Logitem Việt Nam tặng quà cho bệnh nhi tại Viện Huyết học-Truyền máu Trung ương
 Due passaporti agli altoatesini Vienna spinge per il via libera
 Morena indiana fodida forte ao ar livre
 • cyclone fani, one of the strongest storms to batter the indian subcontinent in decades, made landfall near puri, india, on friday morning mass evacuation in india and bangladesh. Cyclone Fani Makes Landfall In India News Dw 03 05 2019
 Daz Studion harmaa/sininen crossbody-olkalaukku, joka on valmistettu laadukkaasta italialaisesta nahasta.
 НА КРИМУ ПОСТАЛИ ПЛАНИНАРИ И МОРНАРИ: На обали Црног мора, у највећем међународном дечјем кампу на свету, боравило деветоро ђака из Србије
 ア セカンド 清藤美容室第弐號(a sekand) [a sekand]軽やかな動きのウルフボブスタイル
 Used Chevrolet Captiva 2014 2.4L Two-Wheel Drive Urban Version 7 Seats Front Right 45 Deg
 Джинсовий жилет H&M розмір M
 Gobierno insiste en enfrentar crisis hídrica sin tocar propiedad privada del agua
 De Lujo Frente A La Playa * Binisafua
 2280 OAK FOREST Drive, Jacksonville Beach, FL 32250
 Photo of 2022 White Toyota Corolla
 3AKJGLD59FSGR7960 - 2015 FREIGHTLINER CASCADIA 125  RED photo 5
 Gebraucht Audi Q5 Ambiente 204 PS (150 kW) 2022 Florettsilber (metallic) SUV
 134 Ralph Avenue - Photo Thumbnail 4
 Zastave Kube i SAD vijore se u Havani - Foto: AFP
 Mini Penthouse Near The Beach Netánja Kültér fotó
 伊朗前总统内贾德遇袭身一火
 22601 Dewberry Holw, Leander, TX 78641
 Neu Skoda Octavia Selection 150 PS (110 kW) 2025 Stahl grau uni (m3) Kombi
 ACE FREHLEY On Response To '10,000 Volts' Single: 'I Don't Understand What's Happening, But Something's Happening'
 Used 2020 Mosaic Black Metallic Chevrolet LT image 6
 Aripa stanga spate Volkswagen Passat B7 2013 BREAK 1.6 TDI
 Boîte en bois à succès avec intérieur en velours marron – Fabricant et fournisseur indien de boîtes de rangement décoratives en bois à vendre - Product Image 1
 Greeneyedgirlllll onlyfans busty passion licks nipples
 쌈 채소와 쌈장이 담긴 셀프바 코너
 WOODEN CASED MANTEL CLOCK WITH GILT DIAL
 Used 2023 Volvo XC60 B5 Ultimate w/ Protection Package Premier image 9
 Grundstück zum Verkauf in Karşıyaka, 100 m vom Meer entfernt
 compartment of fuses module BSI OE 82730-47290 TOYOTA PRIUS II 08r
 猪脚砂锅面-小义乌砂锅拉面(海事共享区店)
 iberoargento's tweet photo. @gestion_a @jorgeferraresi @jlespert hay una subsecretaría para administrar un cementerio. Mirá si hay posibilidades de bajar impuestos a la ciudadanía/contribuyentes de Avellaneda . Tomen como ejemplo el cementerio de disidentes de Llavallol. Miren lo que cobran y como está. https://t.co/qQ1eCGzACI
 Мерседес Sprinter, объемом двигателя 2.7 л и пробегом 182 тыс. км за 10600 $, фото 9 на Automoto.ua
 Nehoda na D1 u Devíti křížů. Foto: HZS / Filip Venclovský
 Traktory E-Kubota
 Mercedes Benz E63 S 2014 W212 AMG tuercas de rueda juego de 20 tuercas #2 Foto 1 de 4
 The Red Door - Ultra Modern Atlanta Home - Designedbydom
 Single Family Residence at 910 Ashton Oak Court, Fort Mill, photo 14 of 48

**********

Exercise objective: Please retype, with no changes, the lines that run from the first line of the entries to the line with "Photo of 2022 White Toyota Corolla", both ends included.

Written answer:
Logitem Việt Nam tặng quà cho bệnh nhi tại Viện Huyết học-Truyền máu Trung ương
 Due passaporti agli altoatesini Vienna spinge per il via libera
 Morena indiana fodida forte ao ar livre
 • cyclone fani, one of the strongest storms to batter the indian subcontinent in decades, made landfall near puri, india, on friday morning mass evacuation in india and bangladesh. Cyclone Fani Makes Landfall In India News Dw 03 05 2019
 Daz Studion harmaa/sininen crossbody-olkalaukku, joka on valmistettu laadukkaasta italialaisesta nahasta.
 НА КРИМУ ПОСТАЛИ ПЛАНИНАРИ И МОРНАРИ: На обали Црног мора, у највећем међународном дечјем кампу на свету, боравило деветоро ђака из Србије
 ア セカンド 清藤美容室第弐號(a sekand) [a sekand]軽やかな動きのウルフボブスタイル
 Used Chevrolet Captiva 2014 2.4L Two-Wheel Drive Urban Version 7 Seats Front Right 45 Deg
 Джинсовий жилет H&M розмір M
 Gobierno insiste en enfrentar crisis hídrica sin tocar propiedad privada del agua
 De Lujo Frente A La Playa * Binisafua
 2280 OAK FOREST Drive, Jacksonville Beach, FL 32250
 Photo of 2022 White Toyota Corolla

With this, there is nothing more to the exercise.